- Problem requirements: Where the listing below has a line with "Volkswagen Golf GTi, uno", write out exactly that line and every line after it, stopping after the line with "Cacique Cornflower Blue".
────────
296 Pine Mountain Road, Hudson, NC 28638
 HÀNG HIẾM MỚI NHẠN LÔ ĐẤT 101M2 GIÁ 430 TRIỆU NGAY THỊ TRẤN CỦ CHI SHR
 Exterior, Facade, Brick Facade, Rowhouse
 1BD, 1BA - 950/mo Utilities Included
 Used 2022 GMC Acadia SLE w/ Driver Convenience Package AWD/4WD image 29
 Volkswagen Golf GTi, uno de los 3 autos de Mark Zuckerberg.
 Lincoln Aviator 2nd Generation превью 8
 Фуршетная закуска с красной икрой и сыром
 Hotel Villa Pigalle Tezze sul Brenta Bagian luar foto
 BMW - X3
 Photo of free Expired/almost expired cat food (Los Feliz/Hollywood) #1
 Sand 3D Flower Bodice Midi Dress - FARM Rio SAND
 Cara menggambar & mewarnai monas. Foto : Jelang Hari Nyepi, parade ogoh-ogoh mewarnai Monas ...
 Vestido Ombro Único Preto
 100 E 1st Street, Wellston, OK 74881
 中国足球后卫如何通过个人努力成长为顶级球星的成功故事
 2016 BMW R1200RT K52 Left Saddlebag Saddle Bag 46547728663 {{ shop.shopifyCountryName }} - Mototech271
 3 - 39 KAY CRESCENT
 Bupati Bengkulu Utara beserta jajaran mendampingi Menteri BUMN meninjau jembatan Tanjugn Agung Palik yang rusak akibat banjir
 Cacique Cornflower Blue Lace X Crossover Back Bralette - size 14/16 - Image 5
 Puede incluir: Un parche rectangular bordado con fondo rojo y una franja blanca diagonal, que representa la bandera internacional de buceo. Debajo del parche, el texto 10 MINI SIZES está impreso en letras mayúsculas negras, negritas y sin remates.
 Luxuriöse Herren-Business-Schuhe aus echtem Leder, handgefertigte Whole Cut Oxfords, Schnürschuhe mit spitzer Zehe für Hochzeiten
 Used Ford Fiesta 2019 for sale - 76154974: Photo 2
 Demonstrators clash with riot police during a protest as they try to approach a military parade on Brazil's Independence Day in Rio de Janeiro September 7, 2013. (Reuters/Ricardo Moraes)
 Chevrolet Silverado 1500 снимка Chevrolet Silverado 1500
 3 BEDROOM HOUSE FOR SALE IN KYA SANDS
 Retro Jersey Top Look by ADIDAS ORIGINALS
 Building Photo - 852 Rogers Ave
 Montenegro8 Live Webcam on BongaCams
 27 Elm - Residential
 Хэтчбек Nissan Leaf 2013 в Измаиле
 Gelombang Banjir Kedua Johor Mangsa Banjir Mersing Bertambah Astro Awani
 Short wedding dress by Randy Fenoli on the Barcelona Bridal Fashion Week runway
────────
- Answer space:
 Volkswagen Golf GTi, uno de los 3 autos de Mark Zuckerberg.
 Lincoln Aviator 2nd Generation превью 8
 Фуршетная закуска с красной икрой и сыром
 Hotel Villa Pigalle Tezze sul Brenta Bagian luar foto
 BMW - X3
 Photo of free Expired/almost expired cat food (Los Feliz/Hollywood) #1
 Sand 3D Flower Bodice Midi Dress - FARM Rio SAND
 Cara menggambar & mewarnai monas. Foto : Jelang Hari Nyepi, parade ogoh-ogoh mewarnai Monas ...
 Vestido Ombro Único Preto
 100 E 1st Street, Wellston, OK 74881
 中国足球后卫如何通过个人努力成长为顶级球星的成功故事
 2016 BMW R1200RT K52 Left Saddlebag Saddle Bag 46547728663 {{ shop.shopifyCountryName }} - Mototech271
 3 - 39 KAY CRESCENT
 Bupati Bengkulu Utara beserta jajaran mendampingi Menteri BUMN meninjau jembatan Tanjugn Agung Palik yang rusak akibat banjir
 Cacique Cornflower Blue Lace X Crossover Back Bralette - size 14/16 - Image 5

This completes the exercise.